Industrial uses extend into automotive manufacturing (protecting adhesive tapes used in vehicle assembly), insulation materials, graphic arts, and electronics. Essentially, anywhere a pressure-sensitive adhesive needs to stay clean and protected before use, there’s a release liner involved.

How Engineers Choose the Right Liner

Selecting a release liner involves matching it to the specific adhesive, the manufacturing process, and the end-use environment. The type of adhesive matters most. Soft, aggressive acrylic adhesives (common in transfer tapes) behave differently against a release coating than butyl adhesives used in construction tapes. Some silicone systems are formulated specifically for clean release against acrylics, while others are designed to prevent the jerky, uneven peeling that can happen with butyls.

Processing temperature is another critical factor. If the manufacturing line runs at high temperatures to dry the adhesive faster and boost productivity, a paper liner that can handle more heat may outperform a film liner that warps or blisters. PET film tolerates the most heat among common substrates, while poly-coated papers and polypropylene top out around 110°C. Moisture sensitivity matters too. Clay-coated and poly-coated papers resist humidity well, keeping their shape in variable conditions. But if the adhesive is applied wet and needs the liner to absorb some of that moisture during curing, a more absorbent paper grade may actually work better than a moisture-resistant film.

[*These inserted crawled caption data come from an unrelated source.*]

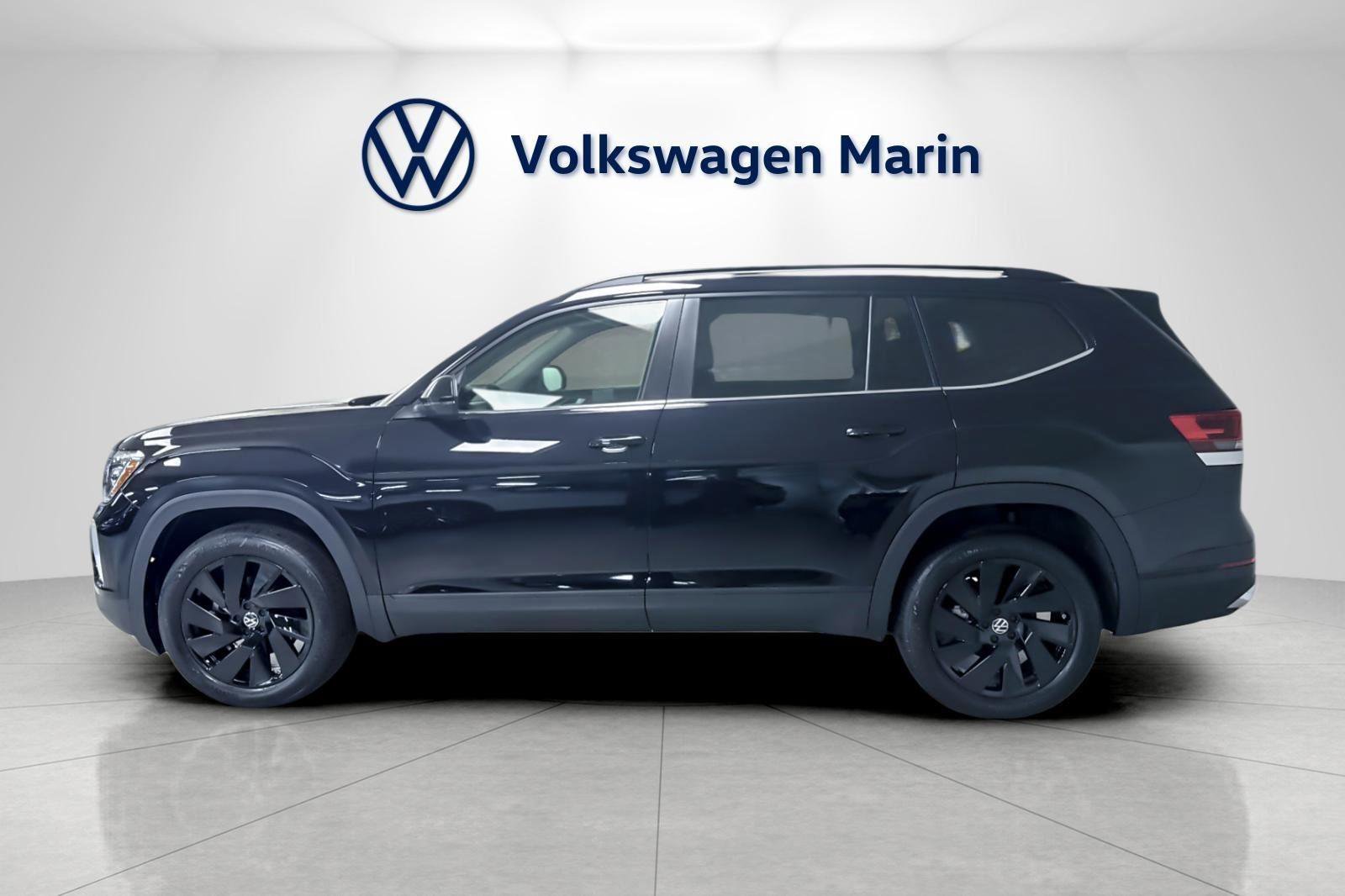 New 2026 Volkswagen Atlas SE image 2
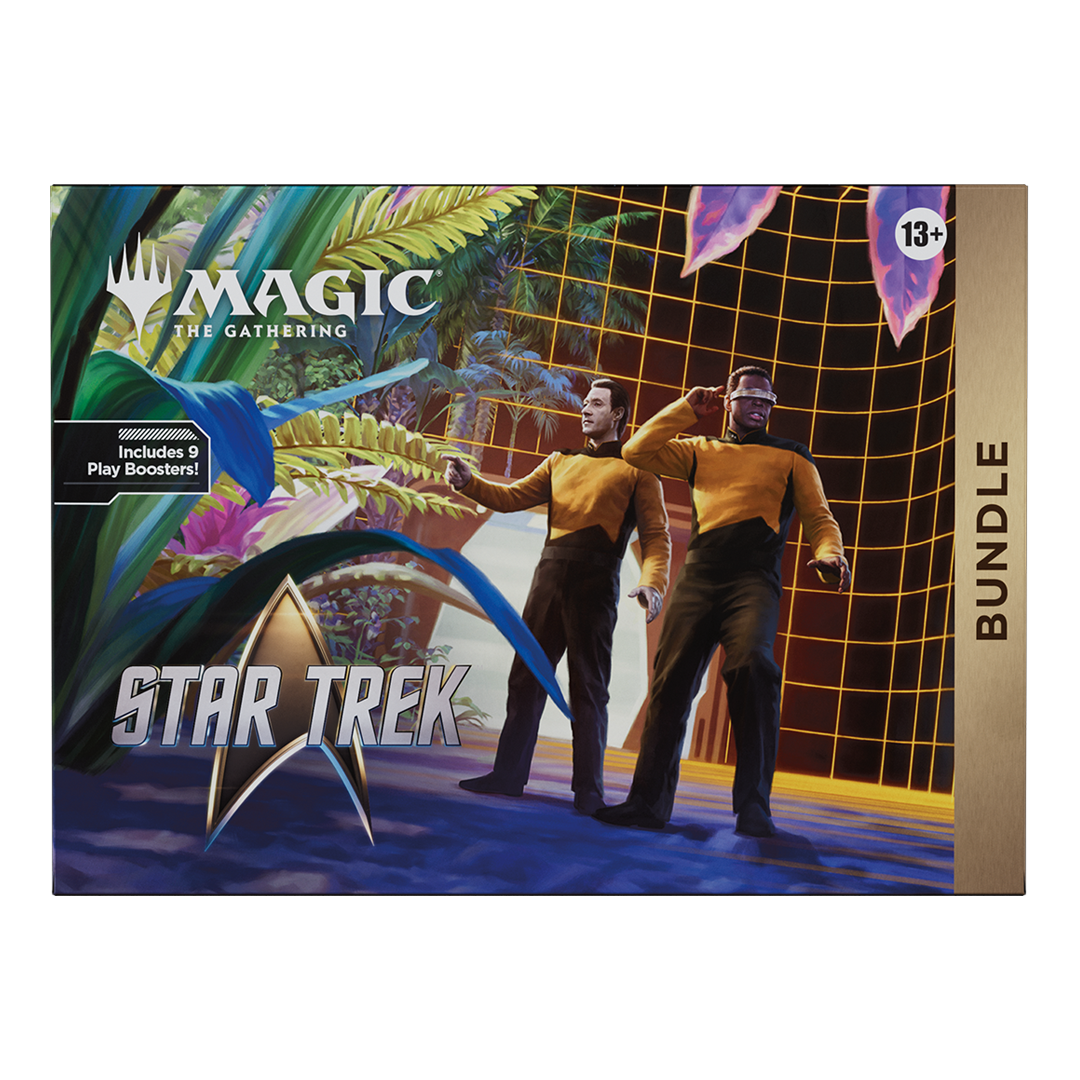 Magic: The Gathering - Star Trek - Bundle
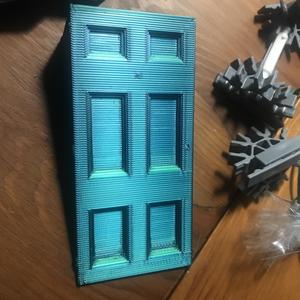 A Door For Your Door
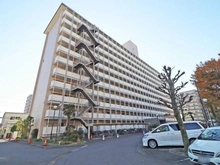 【埼玉県/さいたま市南区根岸】根岸ハイツ 2号棟 外観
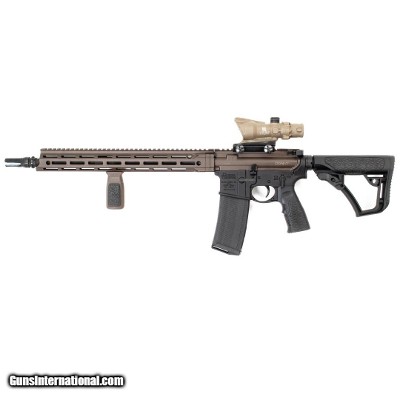 DANIEL DEFENSE DDM4V7
5.56X45MM NATO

How Release Performance Is Measured

Release liners are tested by measuring the force needed to peel them away from an adhesive, known as release force or peel adhesion. Several industry organizations set the standards for these tests, including ASTM, the Pressure Sensitive Tape Council (PSTC), FINAT (the international adhesive products federation), and AFERA (the European tape industry association).

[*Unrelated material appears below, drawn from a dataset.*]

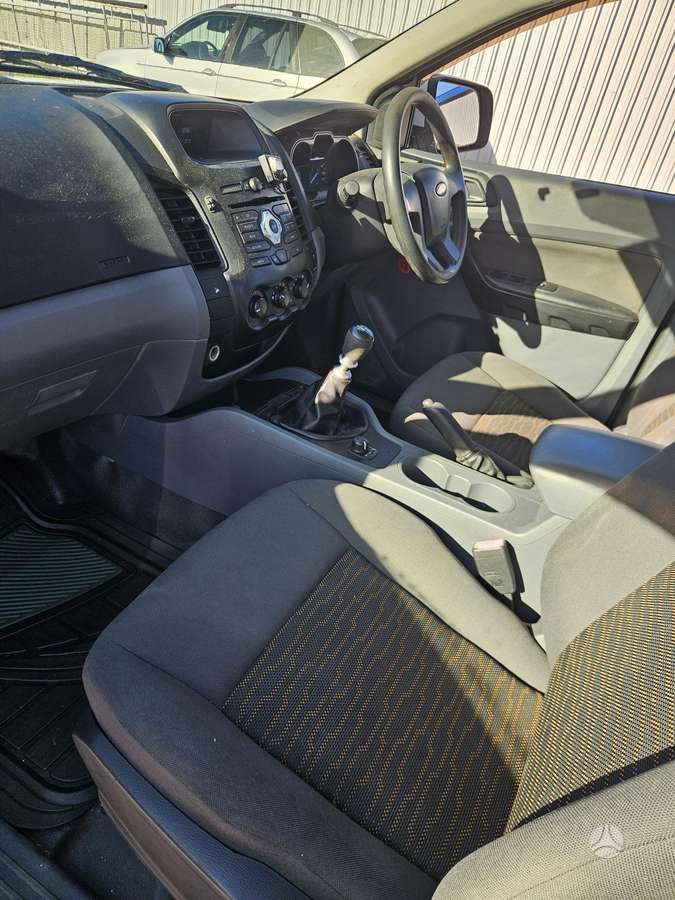 Ford Ranger, 2.2 l., pick-up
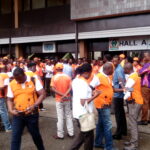 IndustriALL affiliate SYNTEPCI represents 450 of Petroci’s estimated 565 employees.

Most tests pull the liner away from the adhesive at either a 180-degree angle (folding it back on itself) or a 90-degree angle (pulling straight up), at a controlled speed of 12 inches per minute or 300 millimeters per minute. Testing happens under standardized conditions of 23°C and 50% relative humidity. The resulting force, measured in units like newtons per 25 millimeters of width, tells manufacturers whether a liner releases too easily (risking premature separation) or too tightly (making it hard to peel). Different applications call for different release levels: a label that a consumer peels by hand needs lighter release than an industrial tape that feeds through automated equipment.

The Recycling Problem

Release liners present a significant waste challenge. After the adhesive product is applied, the liner is discarded, and most of it ends up in landfills. The silicone coating that makes liners useful also makes them difficult to recycle. Most waste haulers won’t accept spent liners, and recycling mills have trouble processing the silicone-contaminated paper. Storage is another barrier: used liners need to be kept indoors and accumulated until there’s a full truckload, which many label converters and end users simply don’t have space for.

Industry groups have been working on solutions for years. CELAB (Circular Economy for Labels), a North American coalition, merged efforts with the tag and label industry’s trade association to form the Liner Recycling Initiative. The project hired a global recycling consultancy and launched regional pilot programs in the Chicago area and the northeastern U.S., partnering with a recycling mill called Sustana Fiber. One practical goal is to develop specifications that would allow end users to bale release liner together with corrugated cardboard, which would solve many of the sorting, storage, and shipping obstacles that currently make recycling impractical. The initiative is working toward a national roadmap to identify and qualify mills willing to accept paper release liner mixed with common recyclable streams like cardboard or sorted office paper.